■ **YOUR GOAL**:
Copy exactly the lines of the material below that fall between the line with "Erkek Gri Melanj" and the line with "Robotime Rolife Bubble", both of those lines included; pictures stay out.

■ **LISTED ENTRIES**:

—————

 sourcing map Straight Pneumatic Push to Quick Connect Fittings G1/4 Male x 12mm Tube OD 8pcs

—————

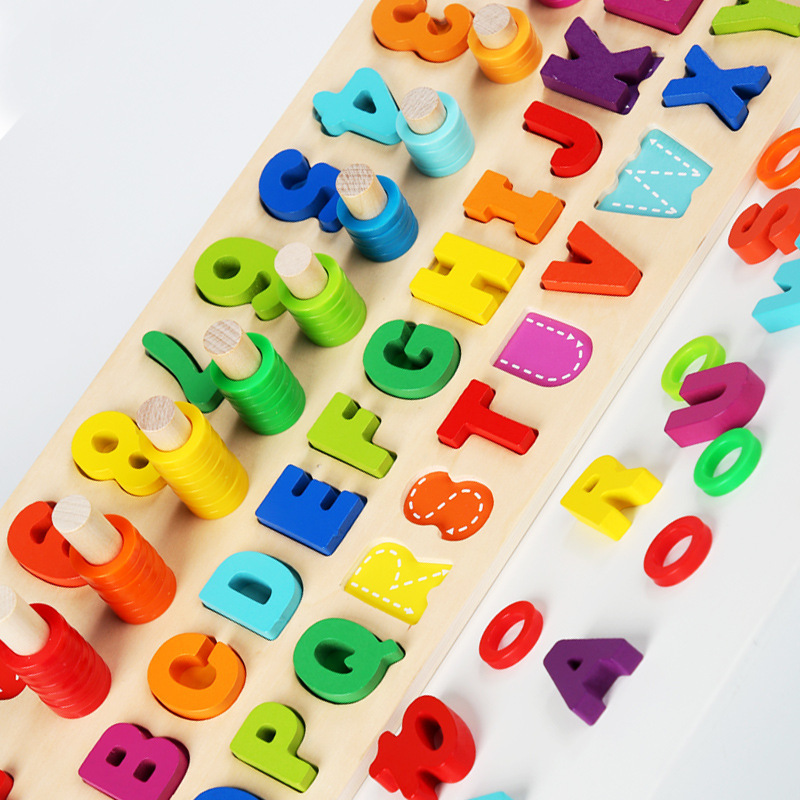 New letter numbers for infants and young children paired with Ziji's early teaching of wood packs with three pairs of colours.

—————

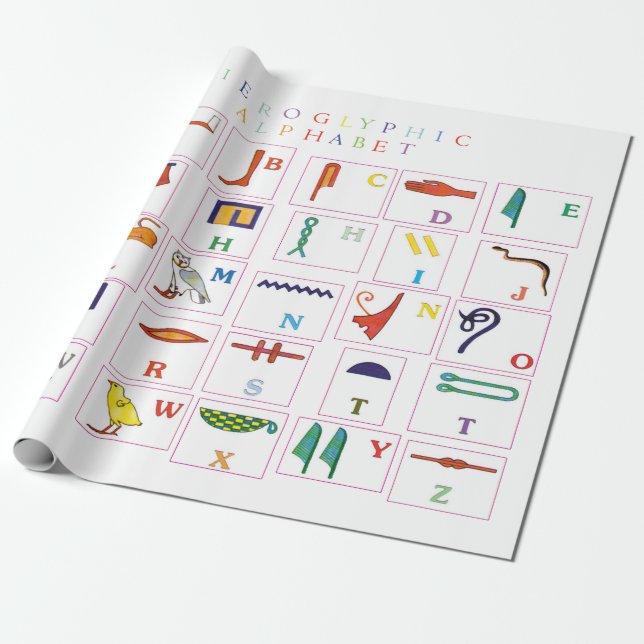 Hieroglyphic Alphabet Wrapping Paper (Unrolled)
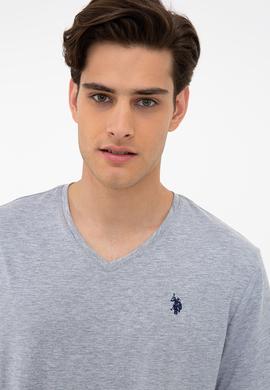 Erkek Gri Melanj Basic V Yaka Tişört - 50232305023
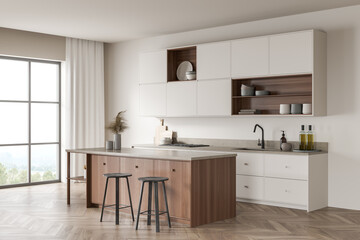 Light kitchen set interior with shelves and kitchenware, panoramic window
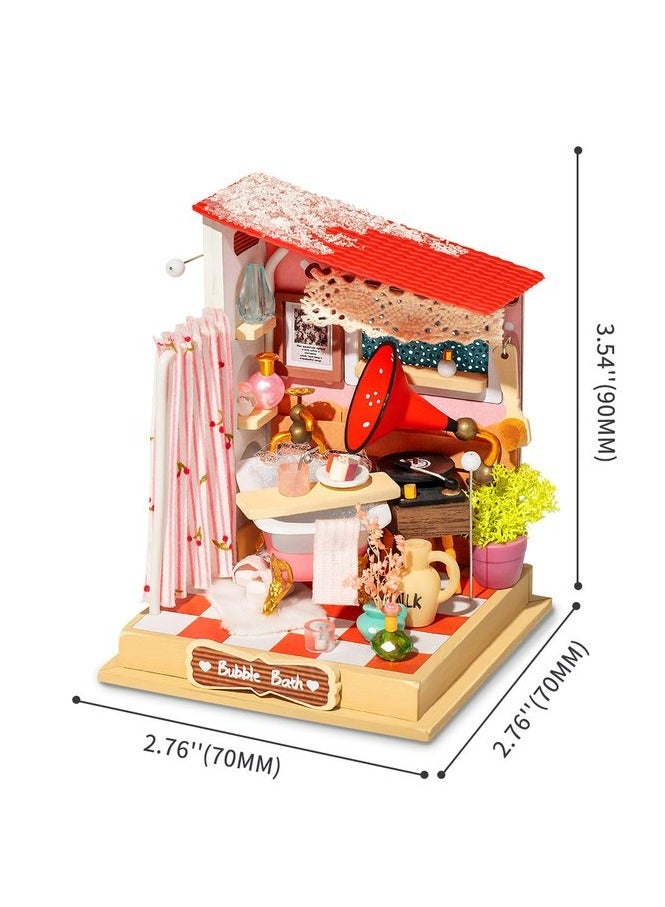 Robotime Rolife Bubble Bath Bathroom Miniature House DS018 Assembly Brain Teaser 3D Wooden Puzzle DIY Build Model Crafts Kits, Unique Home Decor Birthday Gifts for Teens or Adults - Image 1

—————

■ **OUTPUT OF THE TASK**:
 Erkek Gri Melanj Basic V Yaka Tişört - 50232305023
 Light kitchen set interior with shelves and kitchenware, panoramic window
 Robotime Rolife Bubble Bath Bathroom Miniature House DS018 Assembly Brain Teaser 3D Wooden Puzzle DIY Build Model Crafts Kits, Unique Home Decor Birthday Gifts for Teens or Adults - Image 1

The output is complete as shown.